Peter Meyer (January 6, 1920 – March 7, 2002) was a German-born American astrophysicist notable for his research of cosmic rays.
Meyer was director of the Enrico Fermi Institute at the University of Chicago, was a chairman of the University of Chicago's physics department,
and a member of the National Academy of Sciences.
He was also chair of the Cosmic Ray Physics Division of the American Physical Society, a member of the Space Science Board of the National Academy of Sciences, and chair of the Committee on Astronomy and Astrophysics of the Space Science Board.

== Biography ==
Meyer was born in Berlin, Germany, in a Jewish family. He studied at the Technical University in Berlin, where he received Diplom Ingenieur (1942), with a thesis on proportional counters. He was not permitted to study on a PhD level in Germany as a Jew, and worked in a factory during the war. He received a doctorate from the University of Göttingen in 1948, with Wolfgang Paul and Hans Kopfermann as advisers.
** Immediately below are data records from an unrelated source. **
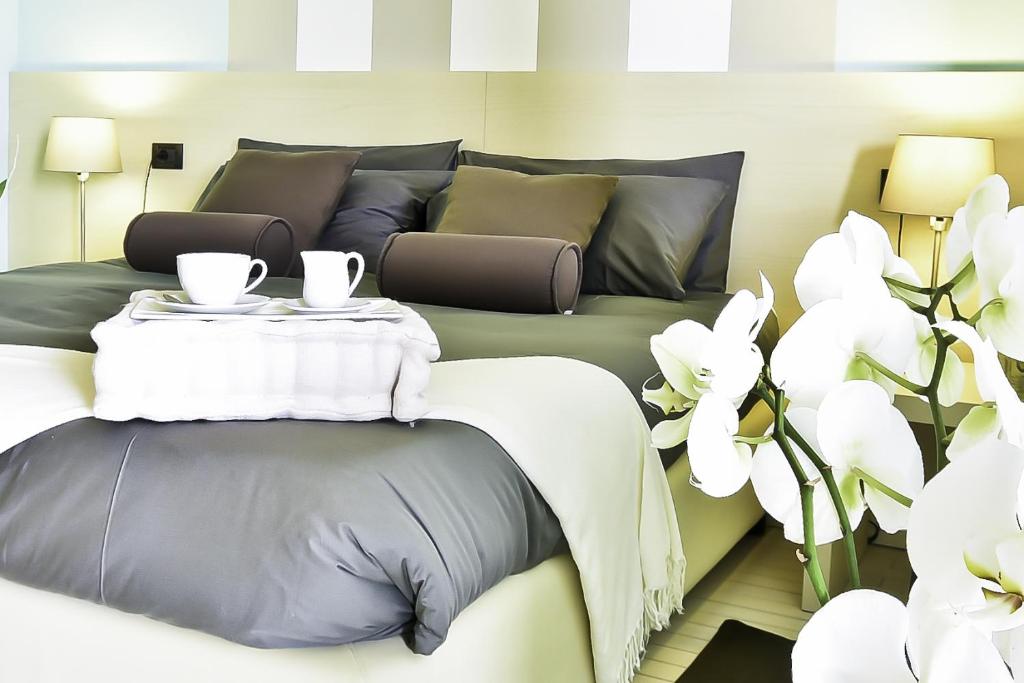 多博沃卡里佳丽斯住宿加早餐旅馆的一间设有一张桌子和白色鲜花的床的房间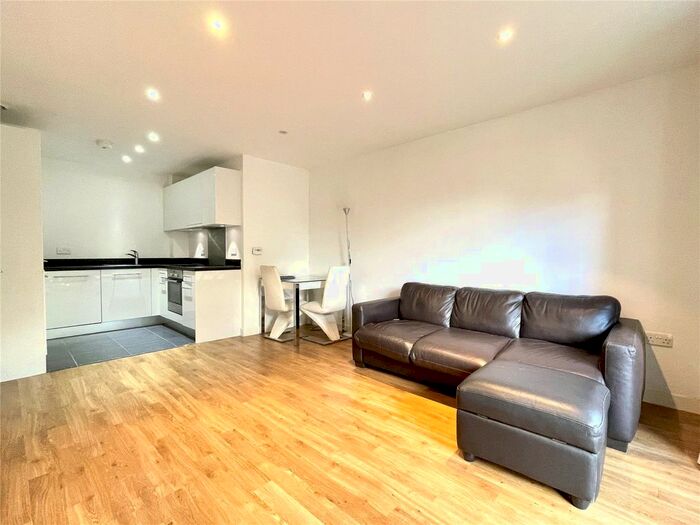 2 Bedroom Flat To Rent In Unwin Way, Stanmore, HA7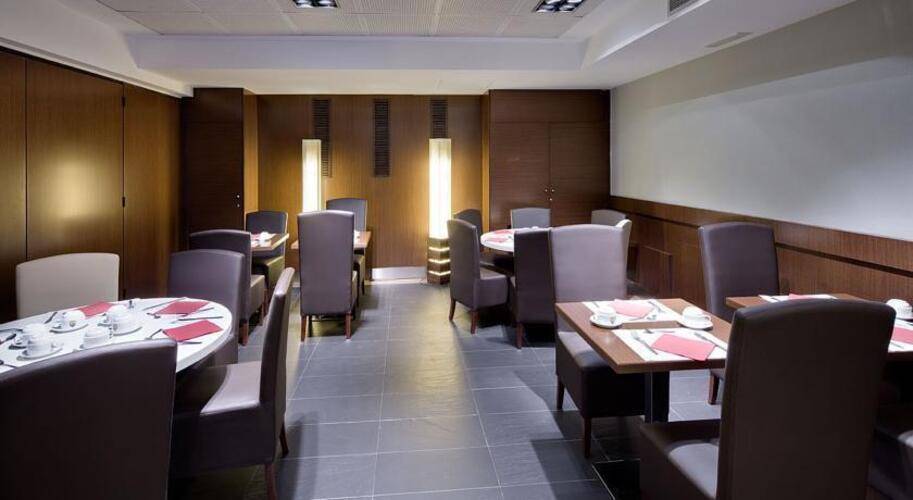 Colonial Hotel — фото 41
He then had a postdoc position in the Cavendish Laboratory, and then worked as a researcher in the Max Planck Institute for Physics at Göttingen.

He immigrated to the United States in 1953 and joined the faculty of the University of Chicago, where he worked with John A. Simpson. Meyer advanced to assistant professor in 1956, associate professor in 1962 and professor in 1966. He was the Director of the Enrico Fermi Institute from 1978 to 1983. Meyer spent the rest of his career at the University of Chicago and became emeritus in 1990. He received the Quantrell Award.

Meyer experimented with balloon-borne cosmic ray detectors; together with Simpson he built one of the first instruments for cosmic ray experiments flown on spacecraft.

Meyer was "an accomplished cellist", who often played with his first wife. He was married twice, to physicist Luise Meyer-Schützmeister (d. 1981), and to virologist Patricia G. Spear. He had two sons.

Meyer died in Chicago from complications of a stroke. His doctoral students include Rochus E. Vogt.